Saturday, November 28, 2009

Prime number generation algorithm

There are many different algorithms to generate prime numbers and they're really interesting.
Check out this page for a whole lot of them: http://www.troubleshooters.com/codecorn/primenumbers/primenumbers.htm

This one is a short simple algorithm which is not so efficient but still useful for general purposes(generates 10 million primes in a little more than 6 seconds on an AMD Dual core 2.6 Ghz)


First some information which will be useful to understand the algorithm:

1. Factors of a number "converge" to the square root of the number
e.g Let's say we have the number 1024:
The factors of 1024 are:
32*32=1024
16*64=1024
8*128=1024
4*256=1024
2*512=1024
1*1024=1024

As you'll notice as you go from bottom to the top, the factors converge towards the square root of 1024, i.e 32.

The point here that if we need to check if 1024 is a prime number, 1024 should not be divisible by any number from 1 up to 32 (sqrt(1024)). For example if we see that 1024 is divisible by 8 (1024=8*128), in order to save calculations we don't need to check that 1024 is divisible by 128.
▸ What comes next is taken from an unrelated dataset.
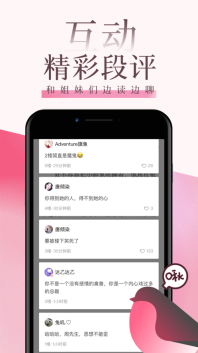 海棠文学城小说3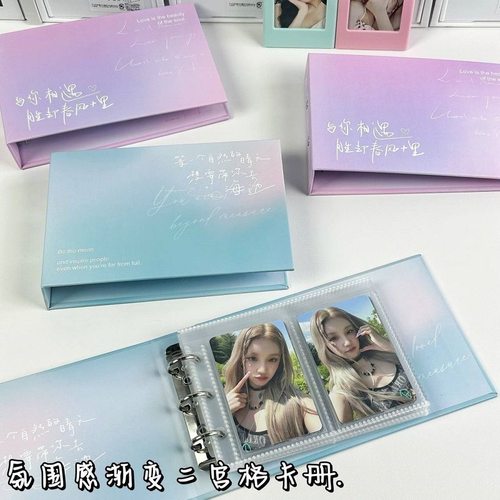 ins风氛围感渐变二宫格卡册单格迷你活页超硬收纳册小卡三寸相册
2. Every number can be broken down into prime factors

e.g 345=3*5*23  (3,5,23 are all prime numbers)
This 2nd idea is more interesting. Since a number can be broken down into prime factors(which are smaller than the number itself), then if a number is a prime number, it should not be divisible by any prime number smaller than itself.
This means that to determine if a number is prime, we just compare it with a list of primes smaller than itself and see if it is divisible by any one of them. If it's not then it's prime.

These 2 ideas can be combined together to form the following idea:
If a number is prime, it should not be divisible by prime numbers starting from 2 up to the square root of the number.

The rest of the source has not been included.